TRY IT —
From the line with "Tibi Drape Twill" to the end of the data below, restate each line word for word, both ends included, without the pictures.

EXTRACTED INFORMATION —

════════

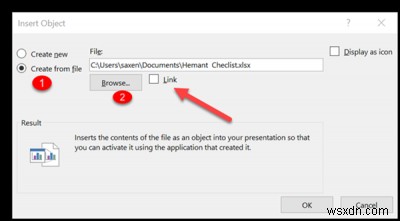 Cách liên kết một phần dữ liệu trong Trang tính Excel trong Microsoft PowerPoint 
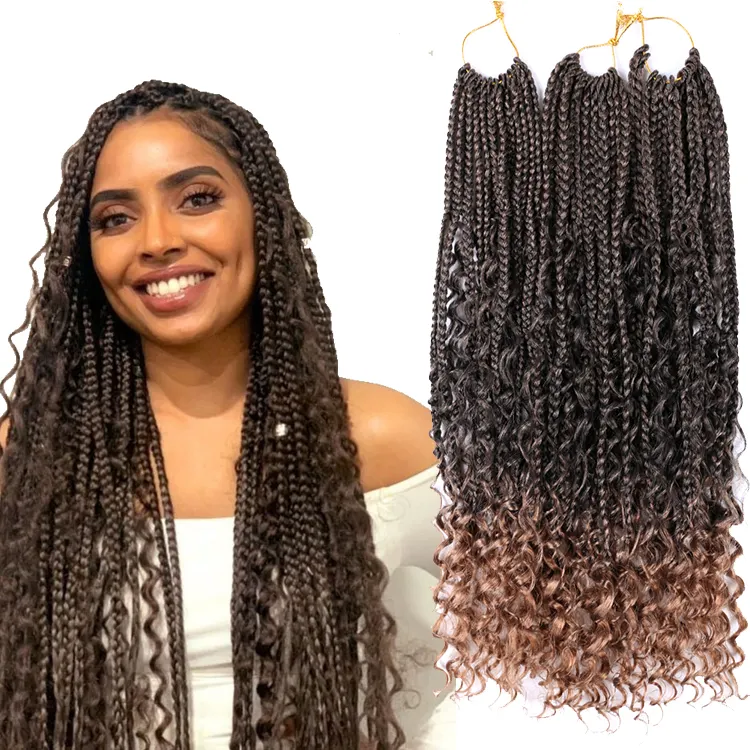 Bán Buôn Lượn Sóng Sông Xoăn Hộp Locs Bím Tóc Sợi Tổng Hợp Faux Locs Nữ Thần Crochet Tóc Nối Bện Tóc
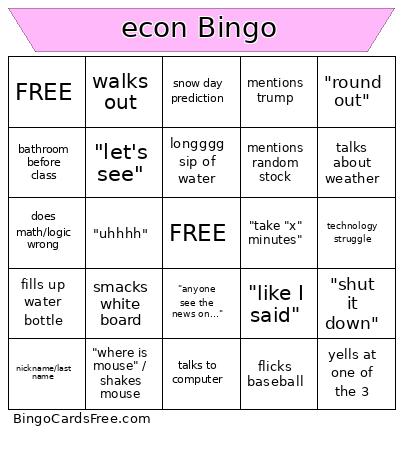 Econ Bingo Card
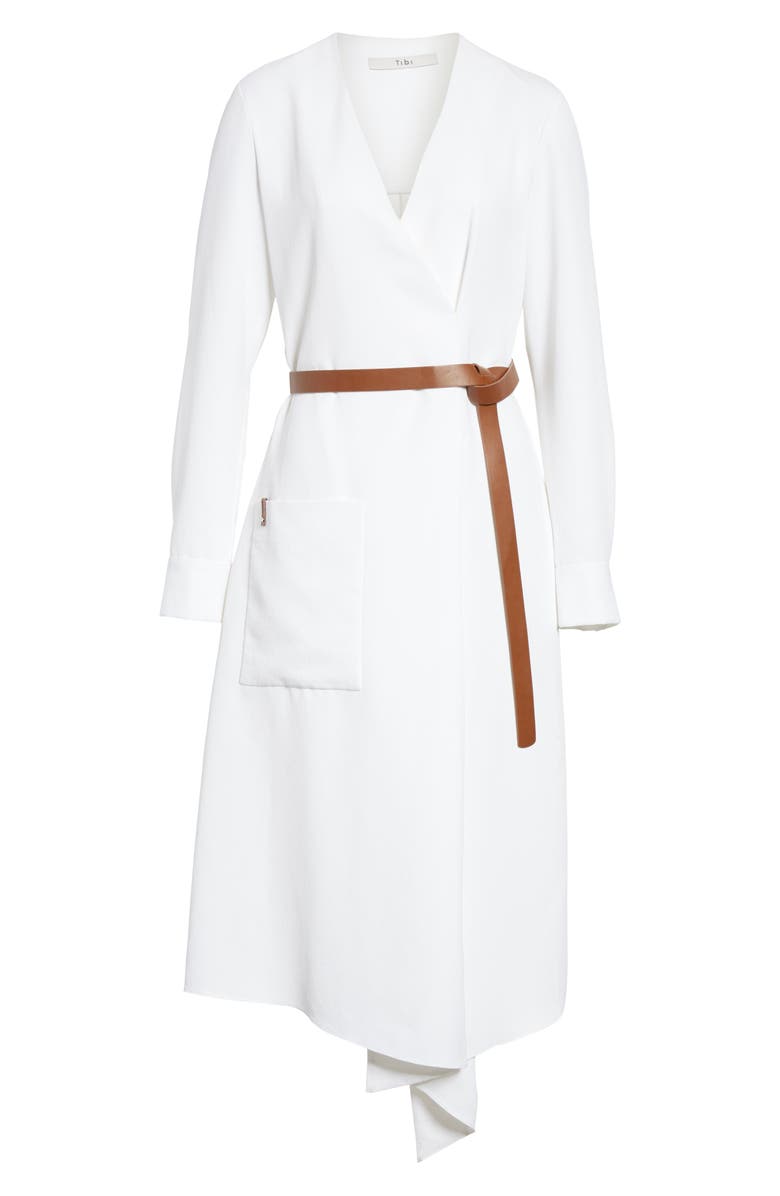 Tibi Drape Twill Midi Wrap Dress, Alternate, color, 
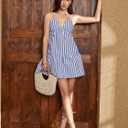 SOLY HUX Women's Striped Cami Dress V Neck Spaghetti Strap Ruffle Hem Short Summer Dresses (S)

════════

ANSWER FOR THE TASK —
 Tibi Drape Twill Midi Wrap Dress, Alternate, color, 
 SOLY HUX Women's Striped Cami Dress V Neck Spaghetti Strap Ruffle Hem Short Summer Dresses (S)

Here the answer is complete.